Introduction
My name is Thomas de Bruin, I am 21 years old and currently a student in Utrecht, the Netherlands. Through AIESEC I did the Explore Rwanda project because it offered me a unique chance to get to know the beautiful country of Rwanda and its inhabitants. I choose Rwanda because I wanted to enhance my French and French is the third language of this country. Unfortunately, I did not get too speak much French, because it is only the third language, but still had an amazing experience.

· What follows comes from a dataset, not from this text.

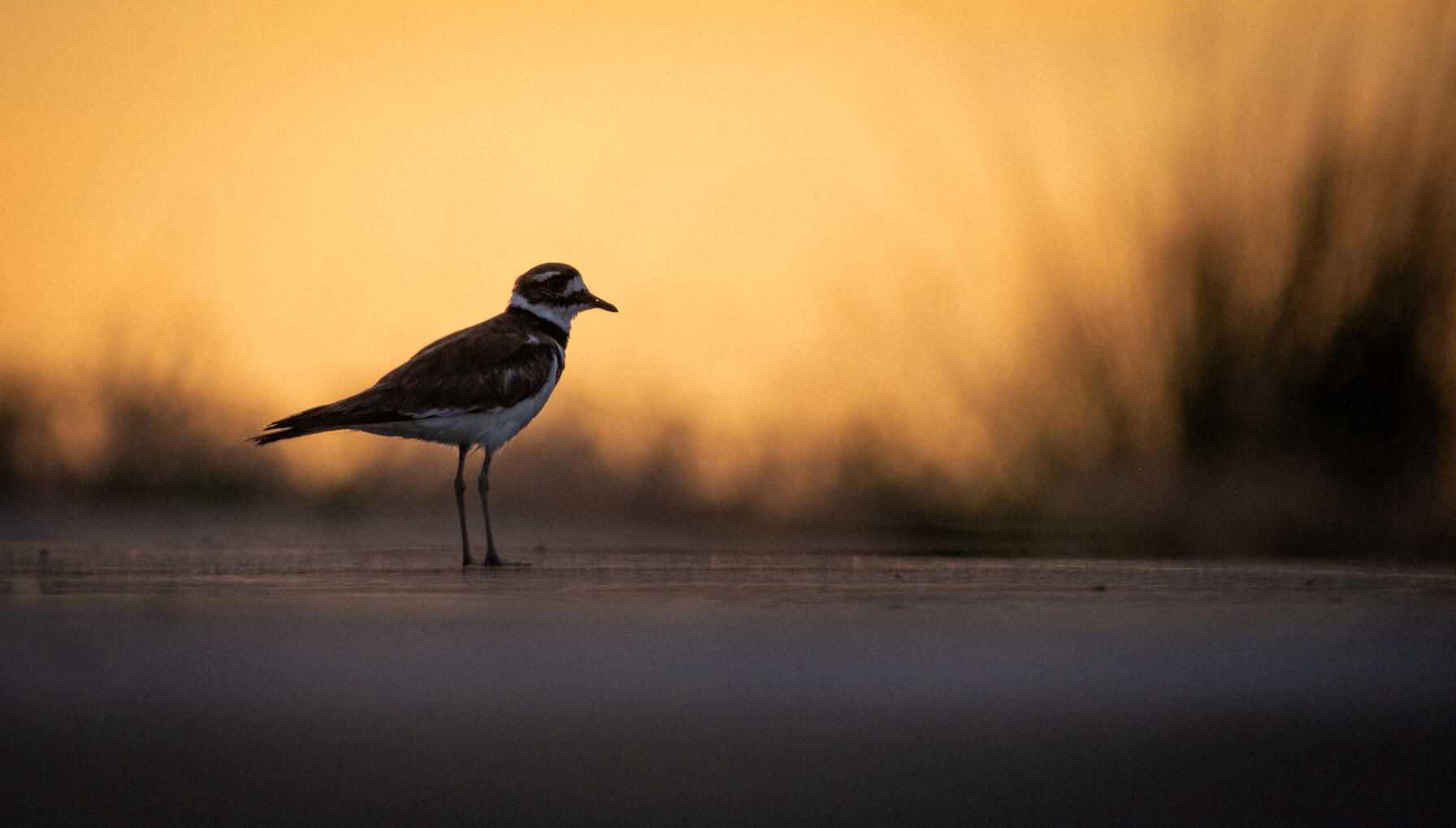 Killdeer, 2025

During my time in Rwanda I visited the three main cities. I started in the capital, Kigali, then continued to Musanze and Huye. |
The start in Kigali
Arriving in Kigali I was picked up from the airport and brought to the so-called MC-house close to the MTN headquarters. I arrived in the morning and in the evening, went to one of Kigali's most beautiful buildings, the Convention Centre. This is a building with a roof of moving light in the colors of the Rwandese flag, kind of hard to explain but the pictures speak for themselves.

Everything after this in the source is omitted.